While trying to learn fairseq, I was following the tutorials on the website and implementing:
https://fairseq.readthedocs.io/en/latest/tutorial_simple_lstm.html#training-the-model
However, after following all the steps, when I try to train the model using the following:
! fairseq-train data-bin/iwslt14.tokenized.de-en \ --arch tutorial_simple_lstm \ --encoder-dropout 0.2 --decoder-dropout 0.2 \ --optimizer adam --lr 0.005 --lr-shrink 0.5 \ --max-tokens 12000
I receive an error:
`fairseq-train: error: argument --arch/-a: invalid choice: 'tutorial_simple_lstm' (choose from 'fconv', 'fconv_iwslt_de_en', 'fconv_wmt_en_ro', 'fconv_wmt_en_de', 'fconv_wmt_en_fr', 'fconv_lm', 'fconv_lm_dauphin_wikitext103', 'fconv_lm_dauphin_gbw', 'transformer', 'transformer_iwslt_de_en', 'transformer_wmt_en_de', 'transformer_vaswani_wmt_en_de_big', 'transformer_vaswani_wmt_en_fr_big', 'transformer_wmt_en_de_big', 'transformer_wmt_en_de_big_t2t', 'bart_large', 'bart_base', 'mbart_large', 'mbart_base', 'mbart_base_wmt20', 'nonautoregressive_transformer', 'nonautoregressive_transformer_wmt_en_de', 'nacrf_transformer', 'iterative_nonautoregressive_transformer', 'iterative_nonautoregressive_transformer_wmt_en_de', 'cmlm_transformer', 'cmlm_transformer_wmt_en_de', 'levenshtein_transformer', 'levenshtein_transformer_wmt_en_de', 'levenshtein_transformer_vaswani_wmt_en_de_big',....

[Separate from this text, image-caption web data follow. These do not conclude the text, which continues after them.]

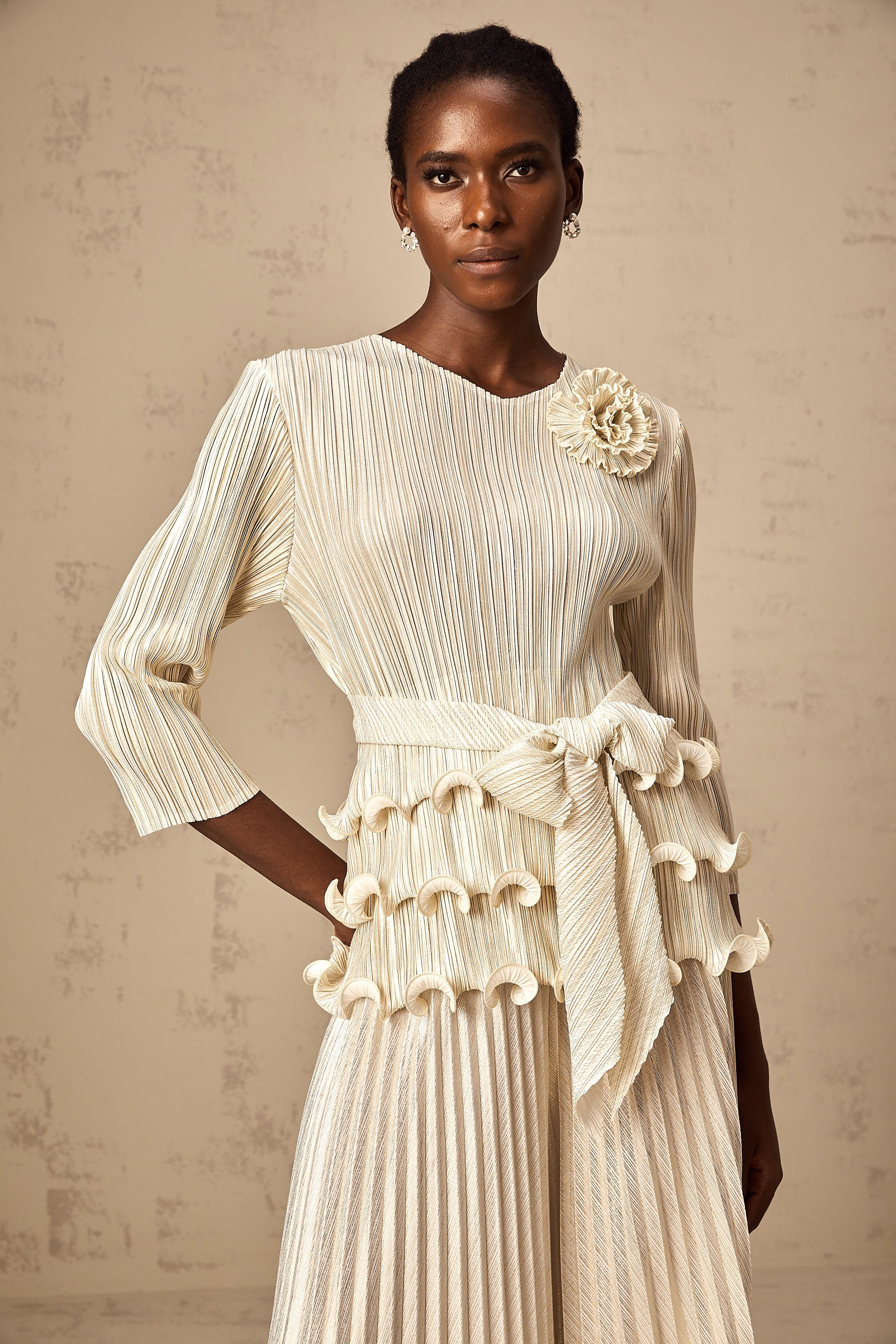 Cloris floral-appliqué ruffled pleated top & trousers (Final Sale)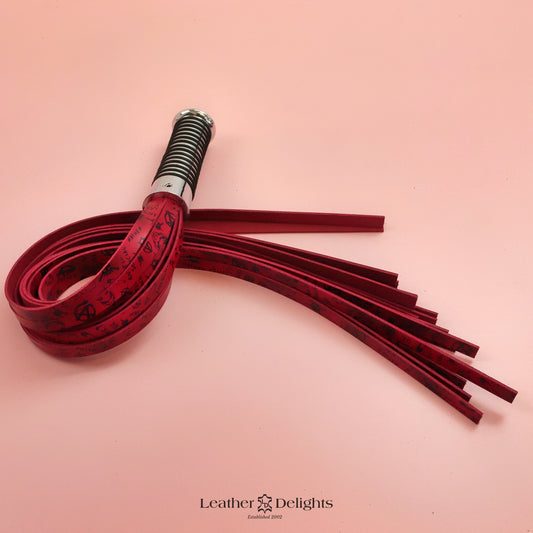 Red & Black Anarchy Leather Flogger with Silver Handle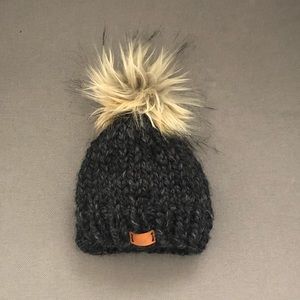 Knit baby hat with fur 0-6 months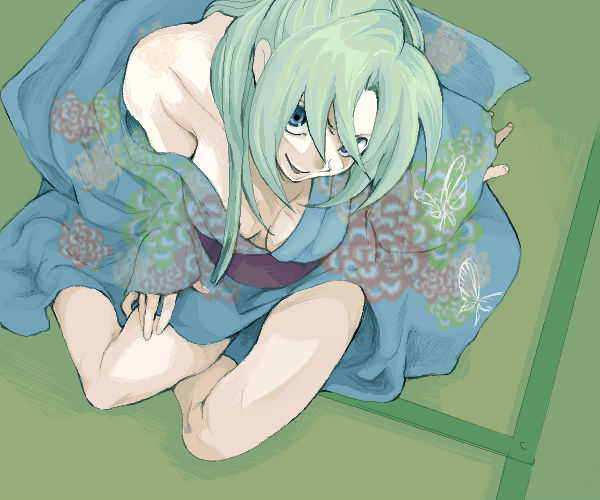 sonozaki shion, higurashi no naku koro ni, artist request, 00s, 1girl, blue eyes, breasts, cleavage, crazy, crazy smile, dilated pupils, female focus, floor, floral print, green hair, hair between eyes, hair down, hand on floor, hand on own hip, japanese clothes, kimono, long hair, looking at viewer, oekaki, on floor, sitting, smile, solo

Some additional info: I am using google colab. And I am writing the entire code until train step into .py file and uploading it to fairseq/models/... path as per my interpretation of the instructions. I am following the exact tutorial in the link. And, before running it on colab, I am installing fairseq using:
!git clone https://github.com/pytorch/fairseq %cd fairseq !pip install --editable ./
I think this error happens because the command line argument created as per the tutorial has not been set properly.
Can anyone please explain if on any step I would need to do something else.
I would be grateful for your inputs as for a beginner learner such help from the community goes a long way.
Seems you didn't register the SimpleLSTMModel architecture as follow. Once the model is registered you can use it with the existing Command-line Tools.
Please note that copying .py files doesn't mean you have registered the model. To do so, you need to execute the .py file that includes abovementioned lines of code. Then, you'll be able to run the training process using existing command-line tools.